Chertoff: Note to Self – When You Visit a House, Don’t Detain Your Hosts
July 18th, 2008
So yesterday was Department of Homeland Security (DHS) Secretary Michael Chertoff’s big day before the House Homeland Security Committee.
Chertoff came to the hearing armed with lots of charts and graphs. In his opening statement, he told a rosy story (more like a novel) about all of the department’s successes. The big fence project along the US-Mexico border was moving right along. Immigration raids were up. Bad employers were being punished, too. He went on and on for more than his allotted 5 minutes about how he had aligned programs, personnel and resources to achieve border security, topic A for the hearing.
When he finished, it was finally time for the first question – and well worth the wait.
Chairman Bennie Thompson (D-MS) told Secretary Chertoff that he had a letter from Congressman John Lewis (D-GA). It was from DHS and he needed it every time he attempted to fly. Thompson asked: How can we get Congressman Lewis off the no-fly list?
Before Chertoff answered, he asked him a few more zingers, like how many John Lewis’s were on the list? And wasn’t Senator Kennedy on there, too?
Chertoff promised to look into it, yet it sounded more like “the check’s in the mail.” It was hard to understand how this could be the first time that Secretary Chertoff has heard about John Lewis being on the terrorist watch list. A quick Google search netted over 50,000 results from big and small media outlets and websites.

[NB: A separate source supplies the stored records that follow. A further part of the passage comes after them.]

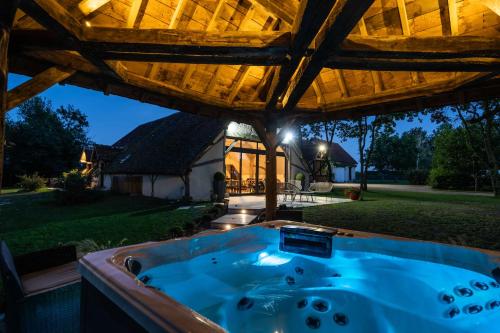 a jacuzzi tub under a wooden roof at Charmantes Maisons avec spas privatifs au calme Idéal weekend à 2 en famille ou entres amis in Vierzon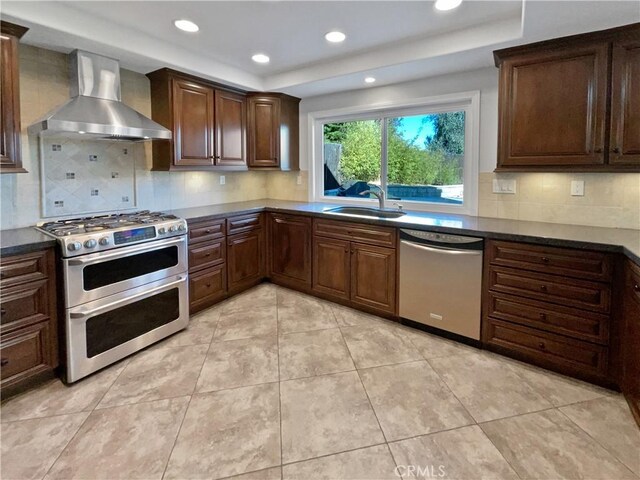 kitchen featuring wall chimney range hood, sink, backsplash, stainless steel appliances, and a tray ceiling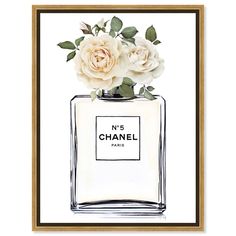 a chanel bottle with flowers in it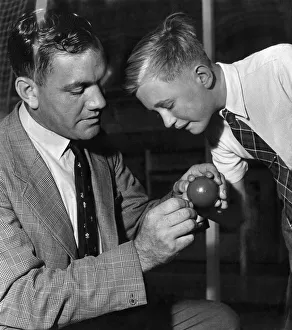 Michael Gadsby a young cricketer having instruction on bowling from Alec Bedser at Michael Gadsby a young cricketer having instruction on bowling from Alec Bedser at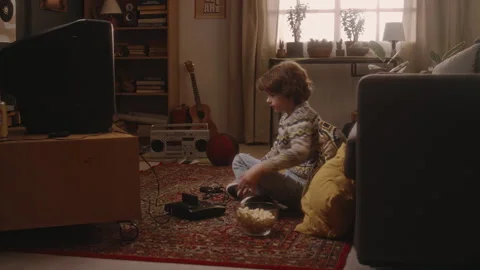 Millennial Boy Starting Playing Console Video Game on Tube TV in 90s 스톡 동영상 273740766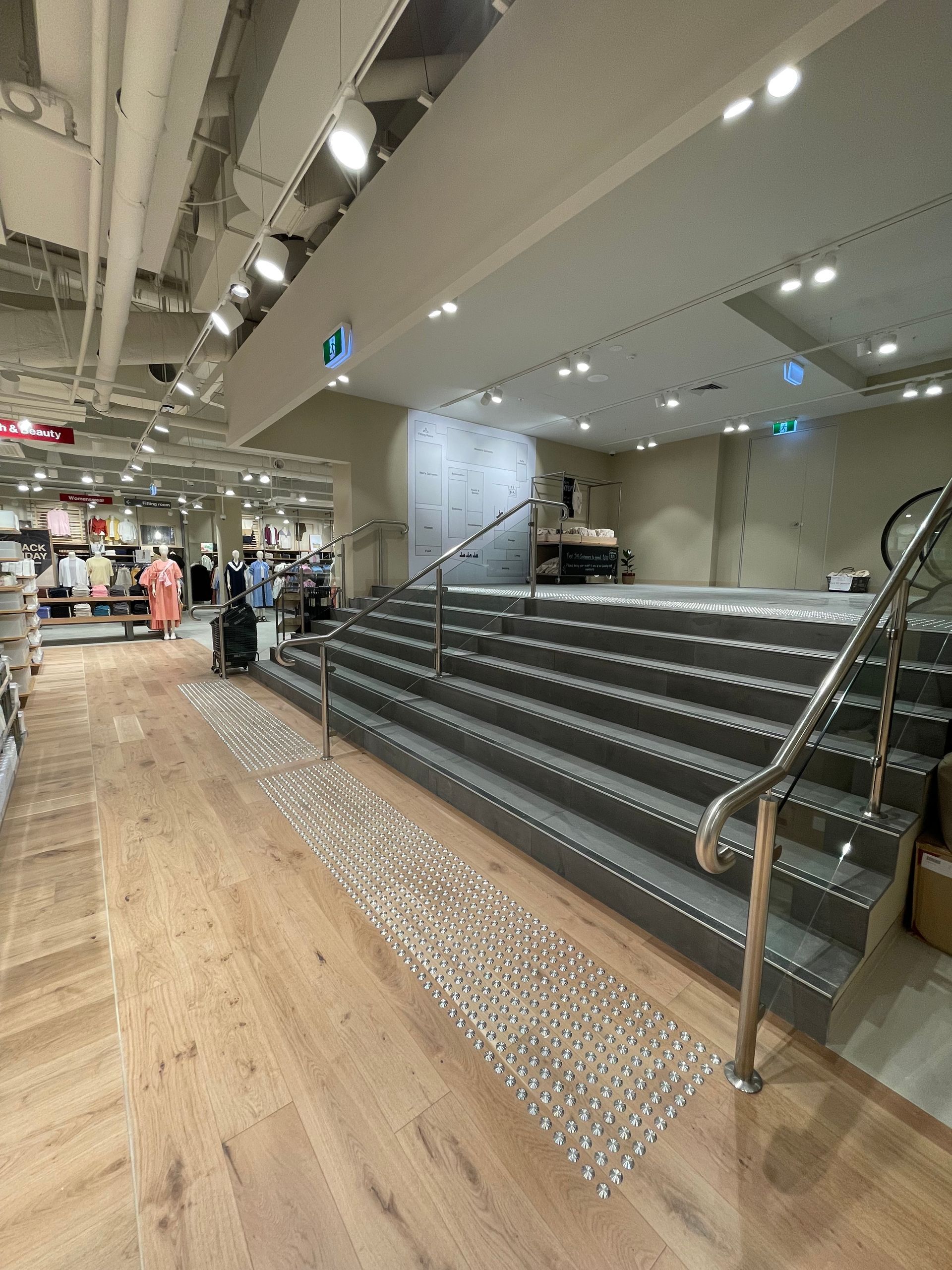 Interior view of a store with stairs, ramp, and customers browsing.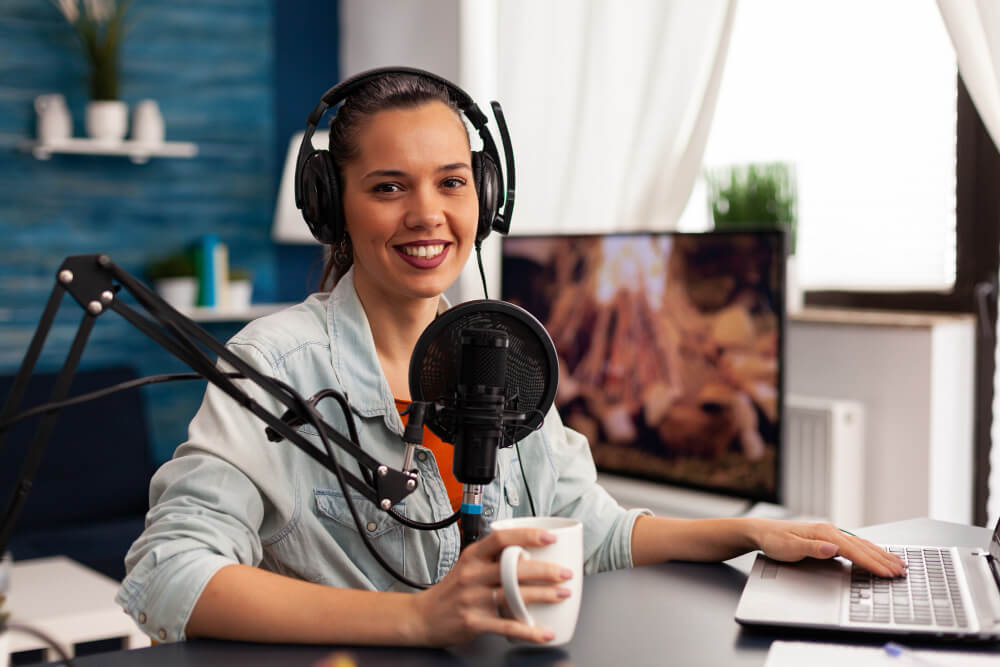 A lady sitting in front of a camera recording a talk show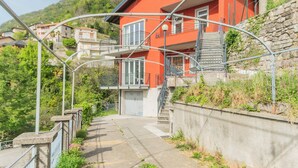 Un edificio rosso con un balcone, una scala e vista su una collina.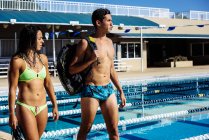 Swimmers walking by pool — Stock Photo
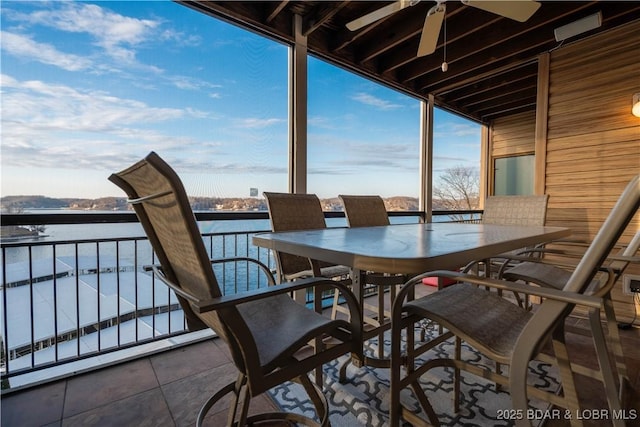 sunroom / solarium featuring a water view and ceiling fan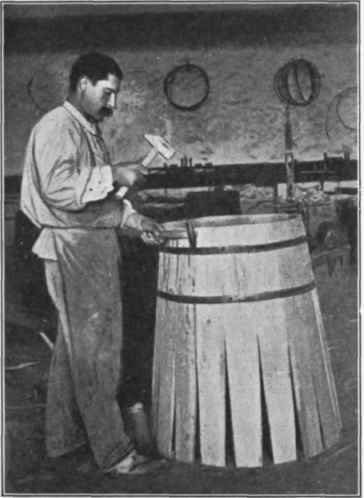 Fig. 31.   Making casks. (Courtesy of Barton and Guestier.)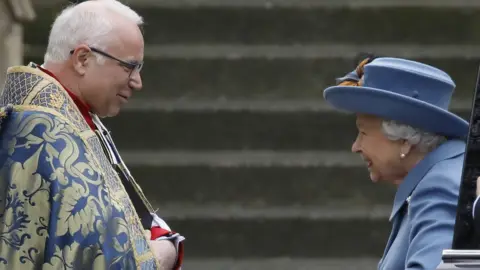 Getty Images Queen Elizabeth II is greeted by The Very Reverend Dr David Hoyle, Dean of Westminster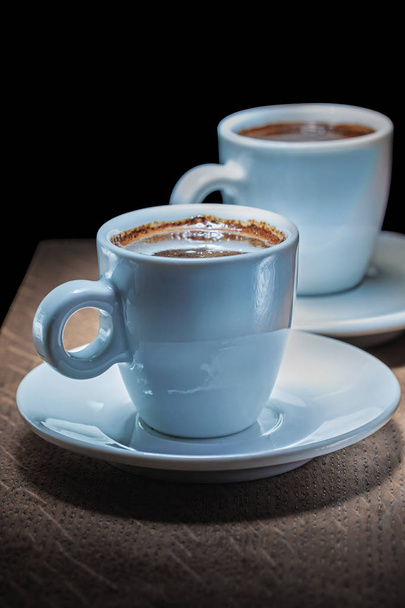 two coffee cups  with espresso on vintage wood board - Fotografie, Obrázek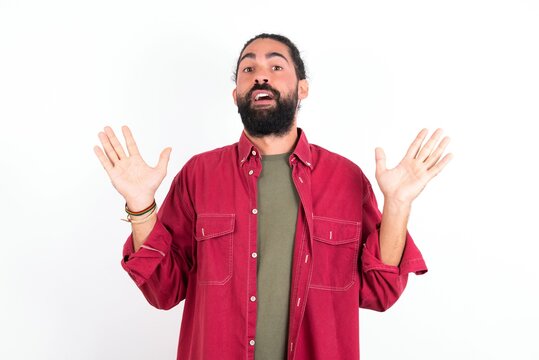 Surprised terrified Caucasian man with beard wearing red shirt Gestures with uncertainty, stares at camera, puzzled as doesn't know answer on tricky question, People, body language, emotions concept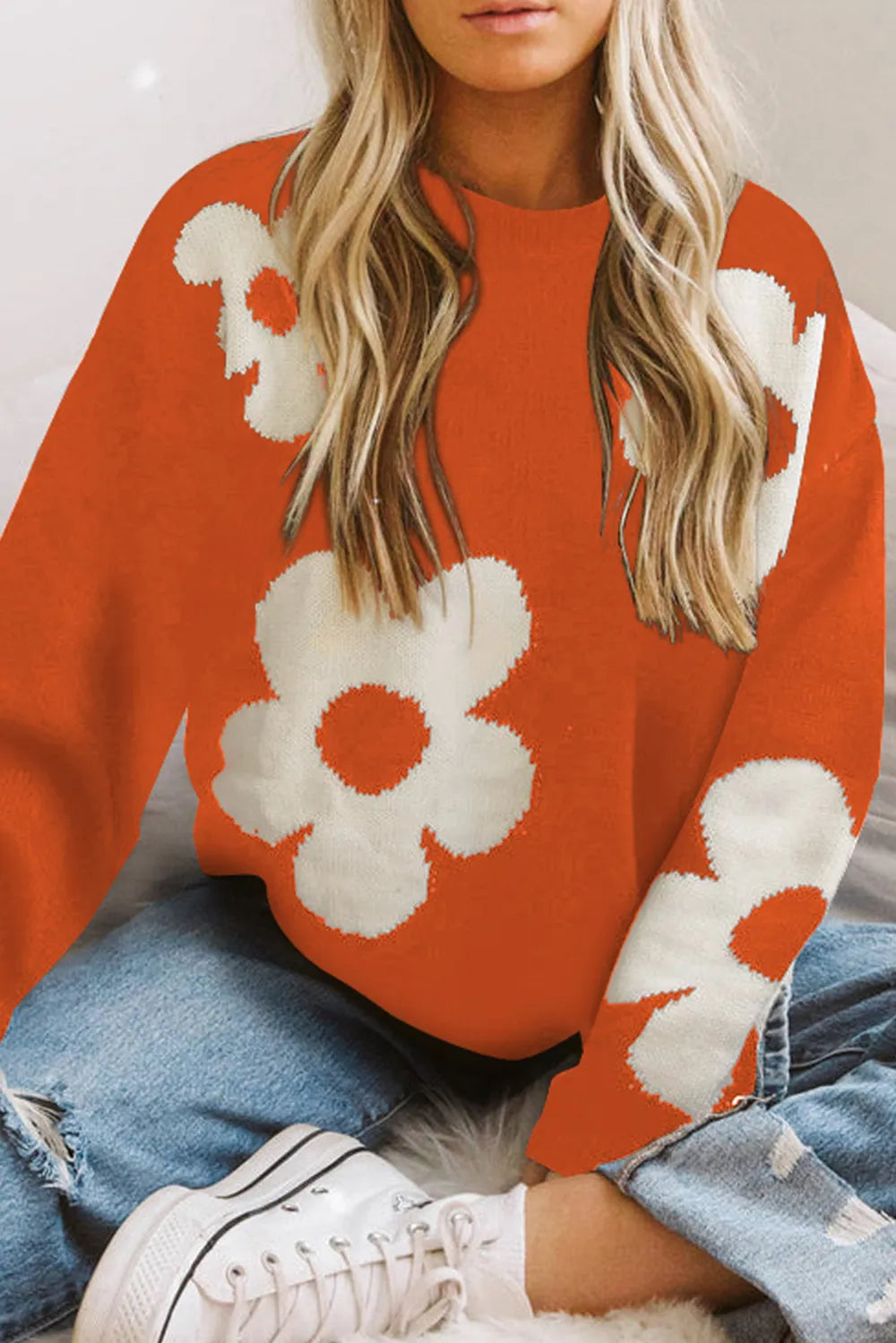 Orange long-sleeve sweater with round neck and oversized white floral motif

And just this past Monday, the ACLU marked the one-millionth name recorded on the terrorist watch list. This number was calculated by the American Civil Liberties Union based upon the government’s own reported numbers for the size of the list.
It is time for Congress to recognize the Bush Administration’s security apparatus is an emperor without clothes. All those charts and graphs simply didn’t represent all the facts. The watch list is simply a bust.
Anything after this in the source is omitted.